GMS2で使いたい場合の準備:タイルの並び替え
AutoTileGenで生成したタイルセットをGMS2(GameMakerStudio2)で使用したい場合は、のちの作業を考慮してタイルを並び替えておくと便利です。
GMS2では以下のような形式でオートタイリング機能を利用できます。
また、タイルスプライトを読み込む際に左上の部分は透明色として利用されるため、タイルの左上1マスは空白にしておく必要があります。
したがって、GMS2で取り込むためのタイルは以下のような形で並び替えておくとよりスムーズな作業が実現できます。(右下に地中用のタイルを配置するのがポイント)
並び替えの操作はプレビューをタイル表示にした状態でドラッグアンドドロップすることで可能です。
連携の方法を含め、GMS2での作業についてはこちらの記事でまとめています
おわりに
今回の記事では、AutoTileGenについて紹介と解説をしました。
たった4枚のタイルから46枚ものパターンを生成してくれるというかなり強力なツールで私自身愛用しています。

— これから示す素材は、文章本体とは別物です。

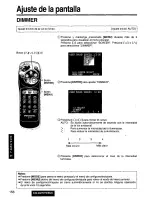 Предварительный просмотр 156 страницы Panasonic CQ-VA707WEUC Operating Manual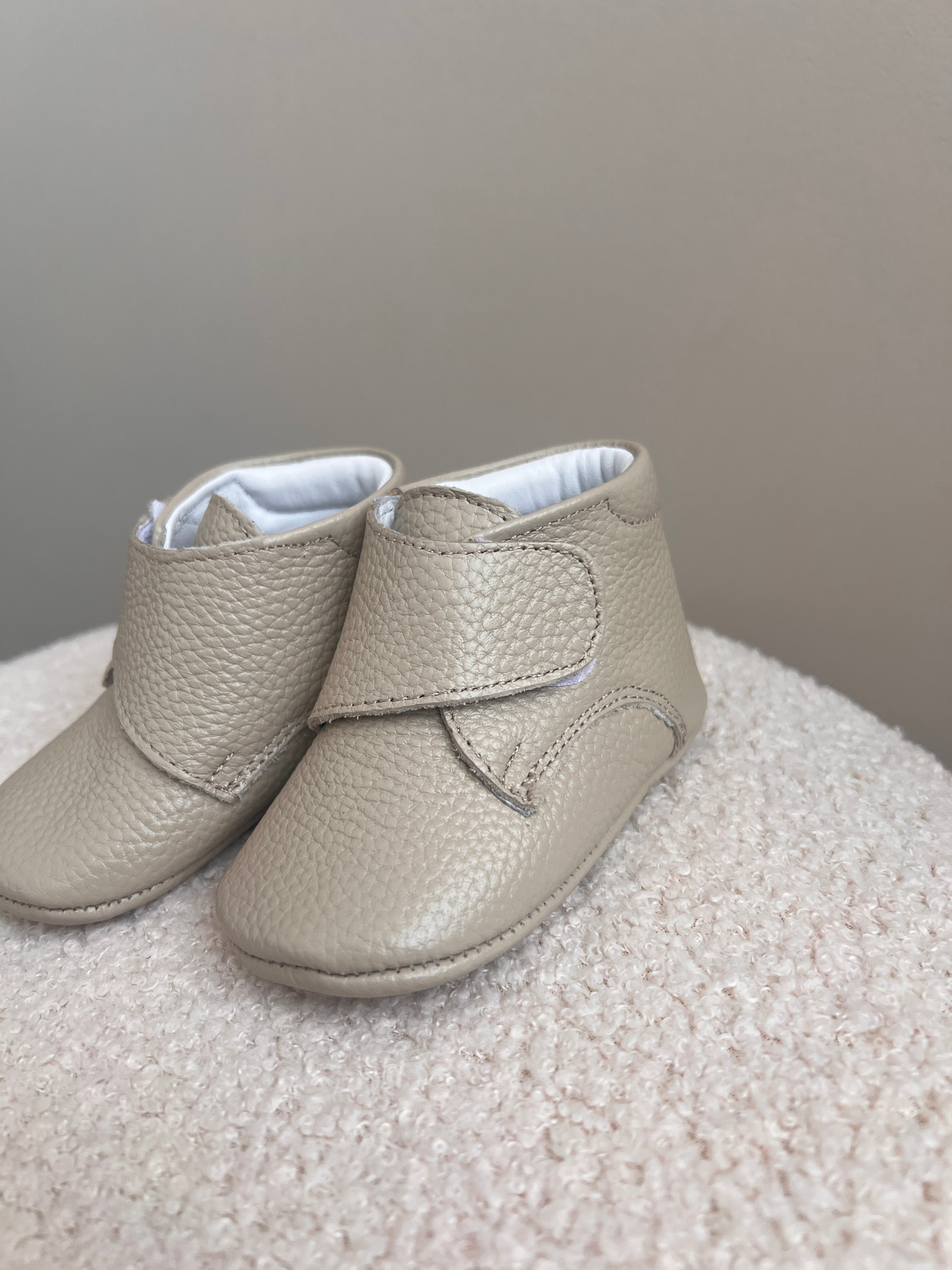 Pupa Elegance Bezhe/ Beige – 100% Lëkurë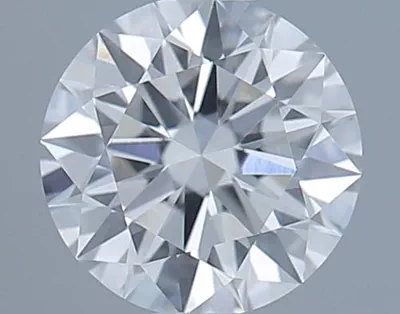 0.31ct E SI1 Rare Carat Ideal Cut Round Diamond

今回は初心者向けということでマスクの設定やシェーダなどの機能には触れずに進めてきましたが、それらについては別の記事でまとめる予定です。
また、AutoTileGenで作成したタイルセットを、ゲームエンジンのGMS2(GameMakerStudio2)でどう使っていくかなどもまとめていきますので、なにか疑問店頭があればお気軽にコメントを残していって下さい。
ありがとうございました。
余談:角張った地形の表現
AutoTileGenは生成の性質上無機物よりは有機物のほうが得意そうな印象ですが、設定などで工夫すれば以下のように角張った地形も表現可能です。
一部自動生成の都合で不自然さ(写真赤枠)は出ますが、タイルセットの扱いのため、ゲームエンジン側で調整可能でした。
こちらも要望があれば記事にまとめようかと思います。